Livrant son avis sur ce débat, Moussa Ould Mohamed Amar, ancien directeur de l’Agence mauritanienne d’information (AMI, un organe du gouvernement), tente de lever une confusion par rapport à la nature des groupes violents.

L’analyste mauritanien soutient que «le gouvernement du Mali peut parfaitement négocier avec les chefs des groupes jihadistes nationaux, Iyad Ag Ghali et Amadou Kouffa, en excluant naturellement les terroristes non originaires du Mali. Les revendications de ces leaders ne sont pas d’ordre religieux. Il s'agit plutôt de doléances politiques et sociales -accès aux hautes fonctions et aux différents avantages que procurent l’exercice du pouvoir d’Etat, emplois (...)- servies dans un emballage religieux.
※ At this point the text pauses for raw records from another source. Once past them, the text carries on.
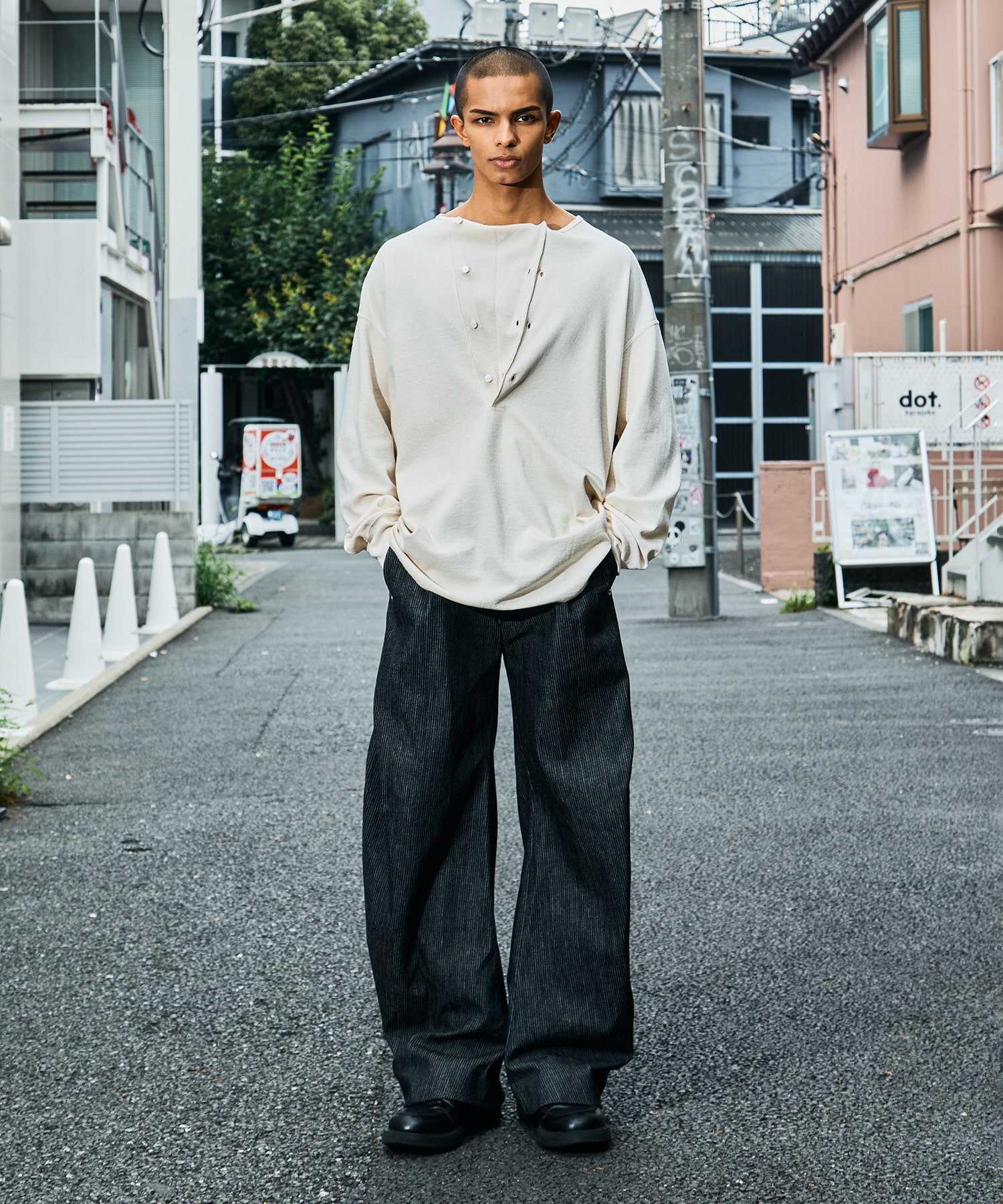 curve leg trousers pique denim 2.0 CONZ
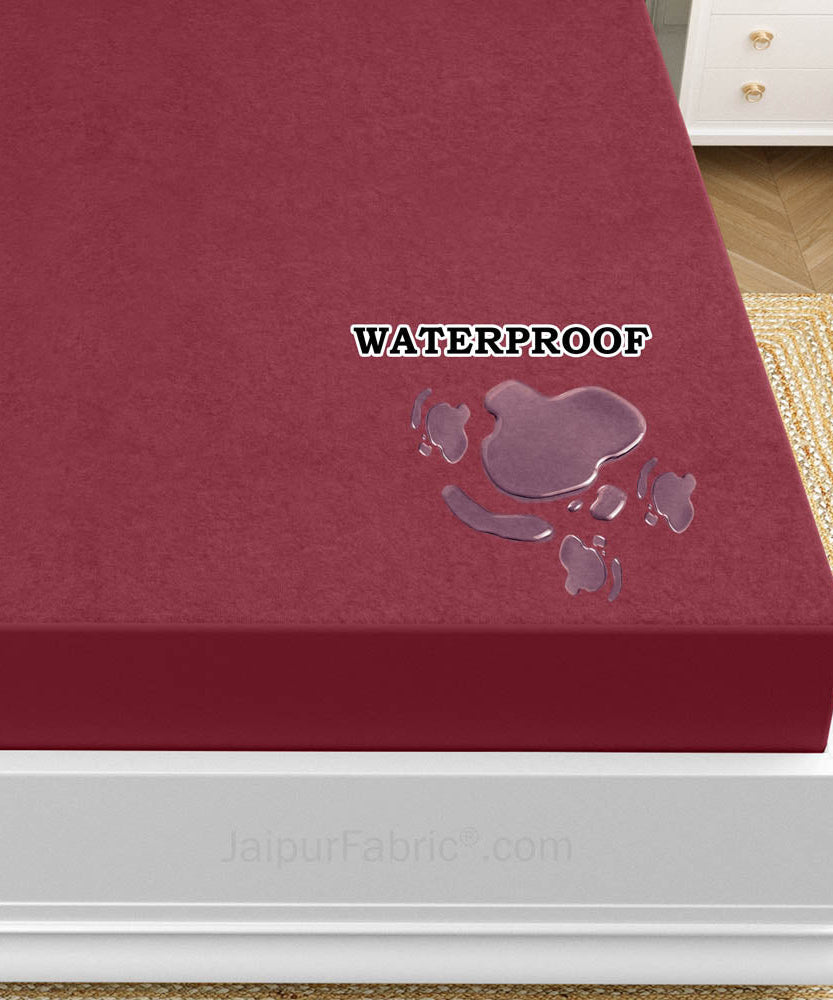 Heavy Quality Maroon Terry Cotton Waterproof and Elastic Fitted Water Resistant Ultra Soft Double Mattress Cover
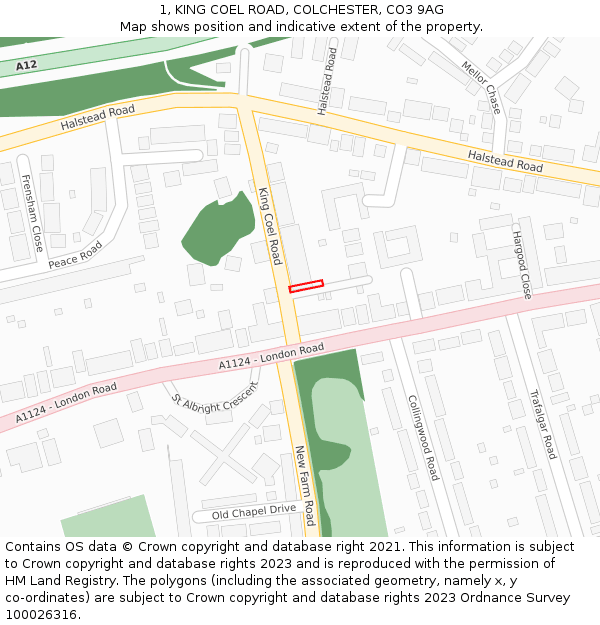 1, KING COEL ROAD, COLCHESTER, CO3 9AG: Location map and indicative extent of plot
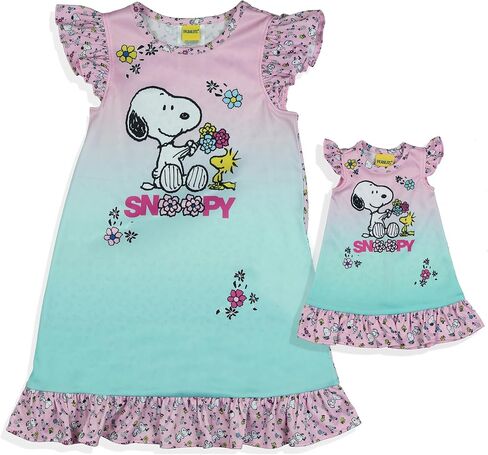 INTIMO Peanuts Nightgown Toddler Girls Snoopy and Woodstock Pajamas with Matching Doll Gown in Kuwait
Si le gouvernement afghan et les Etats-Unis négocient avec les talibans, il est concevable que les autorités maliennes adoptent la même approche vis-à-vis des chefs des mouvements islamistes nationaux».
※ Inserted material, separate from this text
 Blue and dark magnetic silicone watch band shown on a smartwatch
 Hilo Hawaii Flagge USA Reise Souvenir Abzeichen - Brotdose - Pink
La Mauritanie bénéficie d’une accalmie sur le front des attaques terroristes depuis décembre 2011. Sans établir un lien direct avec ce constat, on peut toutefois rappeler qu’en plus des mesures sécuritaires et militaires, les autorités de Nouakchott ont initié en janvier 2010 un dialogue avec plusieurs dizaines d’individus poursuivis et incarcérés pour terrorisme.

Des négociations à l’issue desquelles une amnistie a été accordée à tous «les repentis, qui n’avaient pas les mains tachées de sang».

Le lancement de ces pourparlers dans une prison de Nouakchott avait offert à El Khadim Ould Semane, cerveau reconnu de plusieurs attentats terroristes en Mauritanie, notamment l’assassinat de 5 touristes français en décembre 2007, une belle tribune pour déclarer devant la presse, son refus de négocier «avec les mécréants» en brandissant des menaces de mort contre les autorités du pays.